• **MATERIAL FOR THIS TASK**:
=== Section Start ===

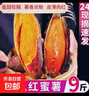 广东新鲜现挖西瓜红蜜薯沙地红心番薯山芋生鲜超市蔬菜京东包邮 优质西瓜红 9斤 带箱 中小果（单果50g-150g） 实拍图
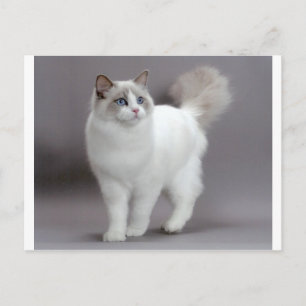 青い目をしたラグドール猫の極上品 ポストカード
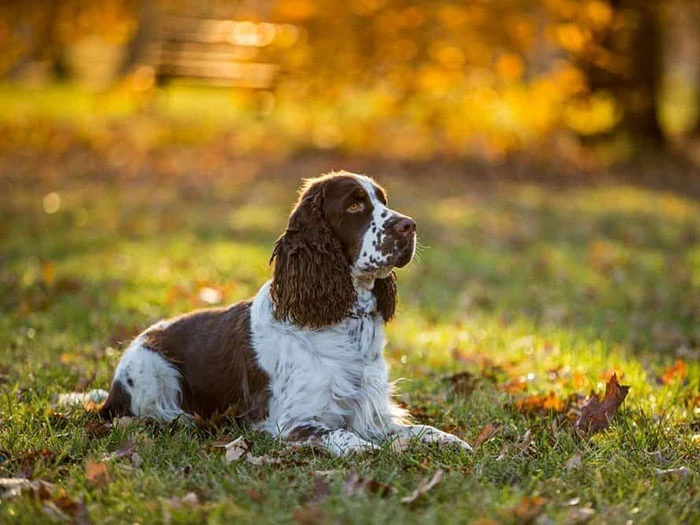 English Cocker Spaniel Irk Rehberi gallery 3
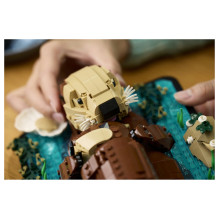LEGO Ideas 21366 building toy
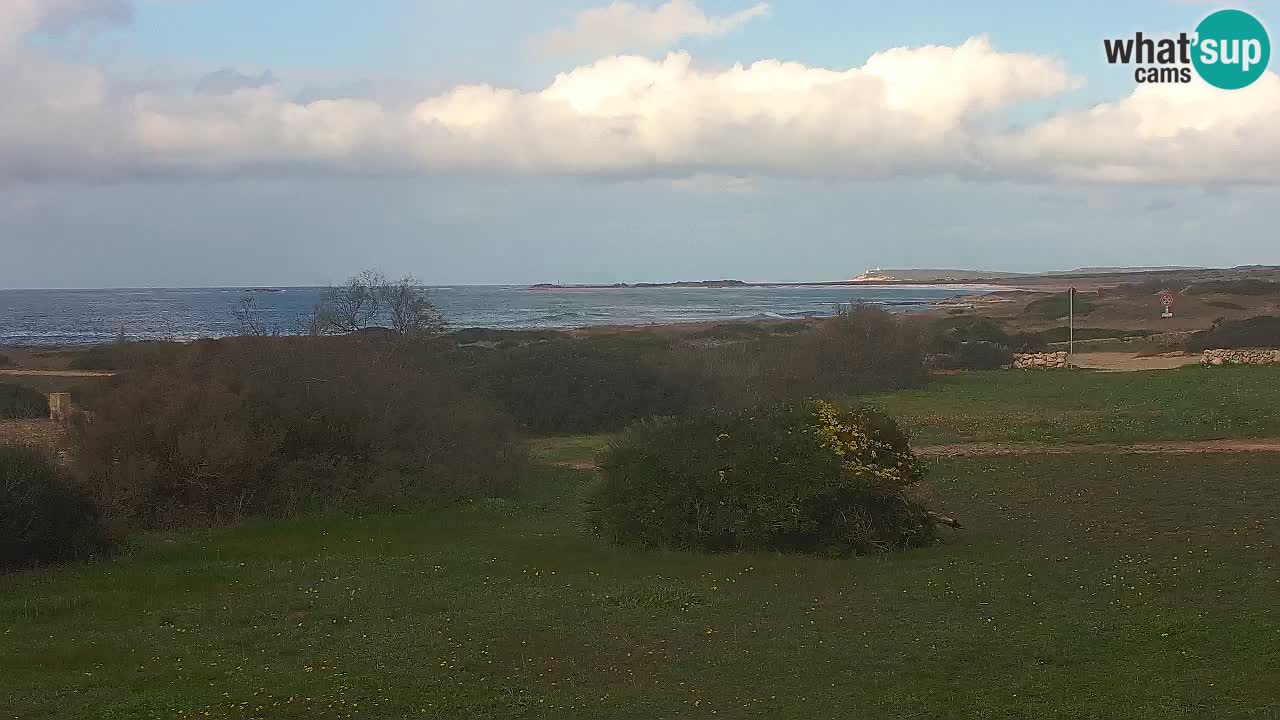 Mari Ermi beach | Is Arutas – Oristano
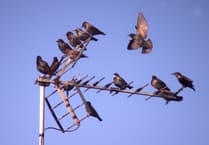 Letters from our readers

=== Section End ===
=== Section Start ===

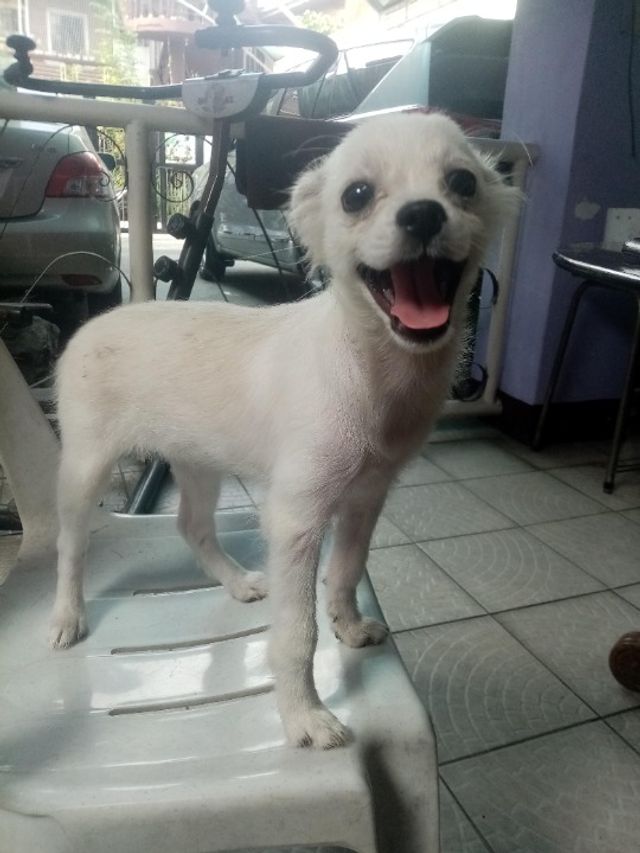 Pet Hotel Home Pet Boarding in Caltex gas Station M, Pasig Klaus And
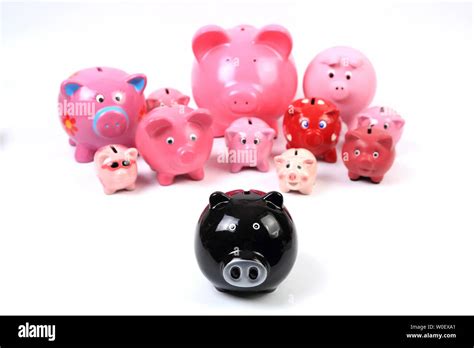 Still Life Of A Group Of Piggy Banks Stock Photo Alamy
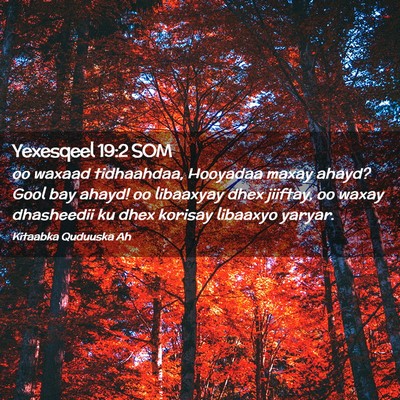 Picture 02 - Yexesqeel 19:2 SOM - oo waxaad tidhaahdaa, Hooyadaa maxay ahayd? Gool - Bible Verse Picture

=== Section End ===

• **EXERCISE DIRECTIONS**: What's needed is an exact copy of the lines above from the one with "广东新鲜现挖西瓜红蜜薯沙地红心番薯山芋生鲜超市蔬菜京东包邮 优质西瓜红 9斤" through the one with "Letters from our readers", both included; the pictures stay out.

• **OUTPUT OF THE TASK**:
 广东新鲜现挖西瓜红蜜薯沙地红心番薯山芋生鲜超市蔬菜京东包邮 优质西瓜红 9斤 带箱 中小果（单果50g-150g） 实拍图
 青い目をしたラグドール猫の極上品 ポストカード
 English Cocker Spaniel Irk Rehberi gallery 3
LEGO Ideas 21366 building toy
 Mari Ermi beach | Is Arutas – Oristano
 Letters from our readers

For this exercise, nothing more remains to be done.